A parent indicted in the nationwide college bribery scandal was sentenced to six months in prison, the longest sentence handed down by a court so far in the scheme.
Toby MacFarlane, 56, pleaded guilty to one count of conspiracy to commit mail fraud and honest services mail fraud earlier this year.
MacFarlane was a senior executive at a title insurance company. Federal prosecutors said he conspired with William Singer, the mastermind of the scheme, to get his children into college.
Singer was the head of the purported charitable foundation the Key Worldwide Foundation. He would take money from parents and pass some to college employees to create fake transcripts and get non-competitive applicants into schools as athletic recruits.

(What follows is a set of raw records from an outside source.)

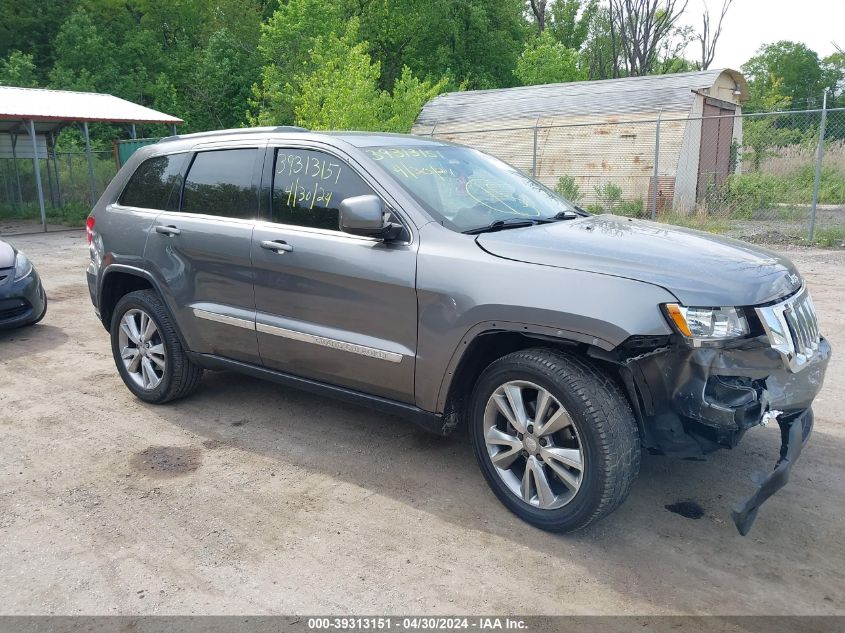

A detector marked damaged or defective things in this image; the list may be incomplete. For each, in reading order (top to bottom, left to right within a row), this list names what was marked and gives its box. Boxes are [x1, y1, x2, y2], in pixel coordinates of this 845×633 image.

rusty metal shed [2, 85, 181, 231]
rusty metal shed [412, 70, 748, 211]
damaged headlight [664, 302, 748, 338]
front-end collision damage [592, 330, 828, 532]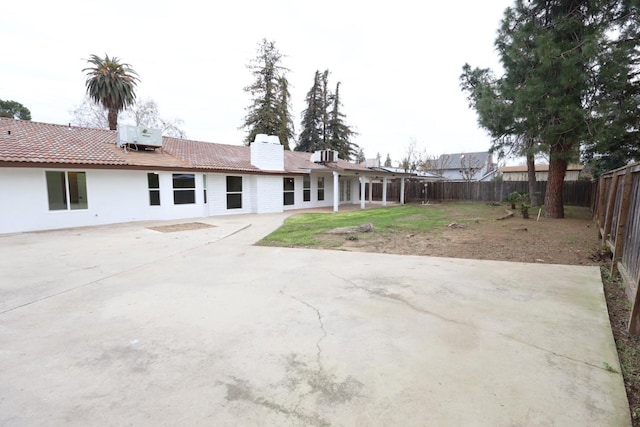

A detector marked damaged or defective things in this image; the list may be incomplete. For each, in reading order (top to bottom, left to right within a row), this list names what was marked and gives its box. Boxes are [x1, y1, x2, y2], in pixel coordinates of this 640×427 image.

cracked concrete [0, 214, 632, 427]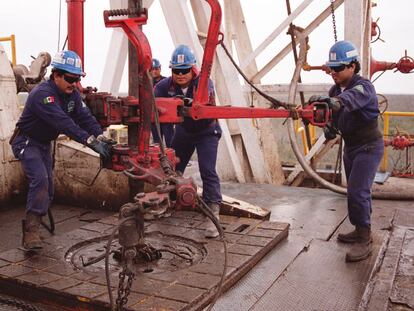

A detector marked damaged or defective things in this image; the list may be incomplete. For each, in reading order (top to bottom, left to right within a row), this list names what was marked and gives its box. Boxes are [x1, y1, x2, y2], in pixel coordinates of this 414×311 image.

rusty metal surface [0, 211, 288, 310]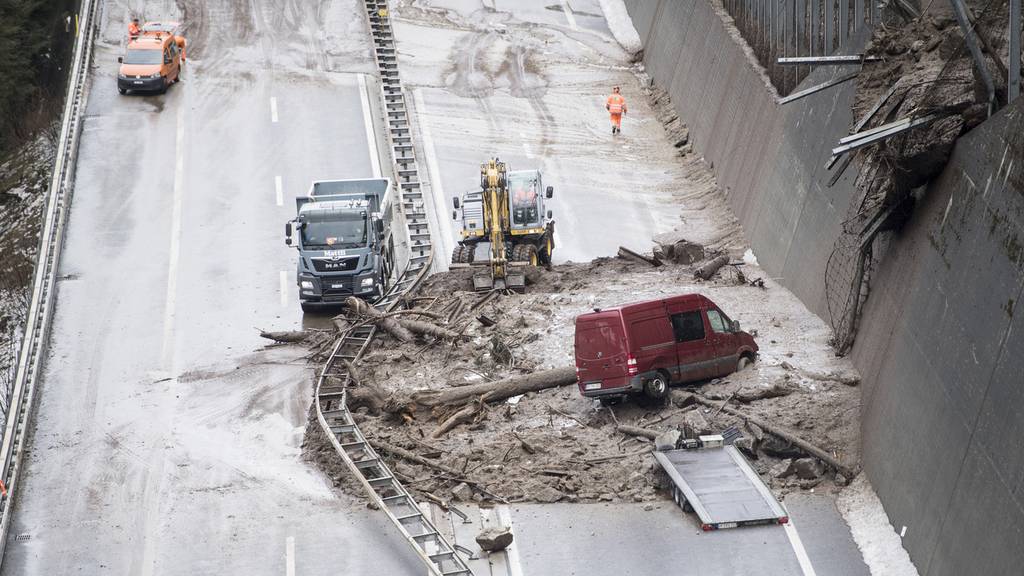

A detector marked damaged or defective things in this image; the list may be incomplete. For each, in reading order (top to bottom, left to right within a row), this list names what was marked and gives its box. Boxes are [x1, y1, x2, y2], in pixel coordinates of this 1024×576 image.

crushed vehicle [117, 22, 186, 94]
crushed vehicle [288, 179, 400, 310]
crushed vehicle [452, 159, 556, 290]
crushed vehicle [576, 294, 760, 398]
damaged retaining wall [624, 1, 1024, 576]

According to the U.S. Attorney’s Office in the District of Massachusetts, MacFarlane paid $450,000 to Singer to get his children admitted to the University of Southern California (USC).
Singer emailed MacFarlane’s daughter’s high school transcript and college exam scores to USC assistant women’s soccer coach Laura Janke in 2013 and she and Ali Khosroshahin, the head women’s soccer coach at the time, created a fake soccer profile for the girl, falsely describing her as a “US Club Soccer All American” in high school. The coaches used a private soccer club they controlled as part of the profile. Singer transferred $50,000 to the club.
MacFarlane’s daughter was admitted as a soccer recruit and accepted, resulting in MacFarlane sending $200,000 to Singer, who issued a $100,000 payment to the soccer club Janke and Khosroshahin controlled.
In Nov. 2016, the same scheme took place for Macfarlane’s son, who was presented as a basketball recruit by Donna Heinel, the senior athletic director at USC, to the USC subcommittee for athletic admissions, despite lacking competitive experience. MacFarlane sent a $200,000 check to The Key Worldwide with the memo line “Real Estate Consulting,” similar to the check he sent Singer for his daughter’s entry, and another $50,000 check to USC Athletics.
Janke pleaded guilty to conspiracy to commit racketeering and is cooperating with the government in the investigation. Khosroshahin has also pleaded guilty and is cooperating with investigators.
MacFarlane appeared in federal court in Boston on Wednesday and was sentenced by U.S. District Court Judge Nathaniel M. Gorton to six months in prison, two years of supervised release, 200 hours of community service, and was ordered to pay a fine of $150,000.
Prosecutors recommended 15 months in prison.
A number of others involved in the scheme have received lighter sentences. Actress Felicity Huffman got only two weeks in jail; John Vandemoer, the former Stanford sailing coach, got only one day; and other parents such as Marcia Abbott and Gordon Caplan got only one month.
Some defendants who pled guilty still have yet to be sentenced and cases where defendants have not pled guilty are working their way through the courts. The most well-known out of those defendants are Lori Loughlin and her husband, fashion designer Mossimo Giannulli.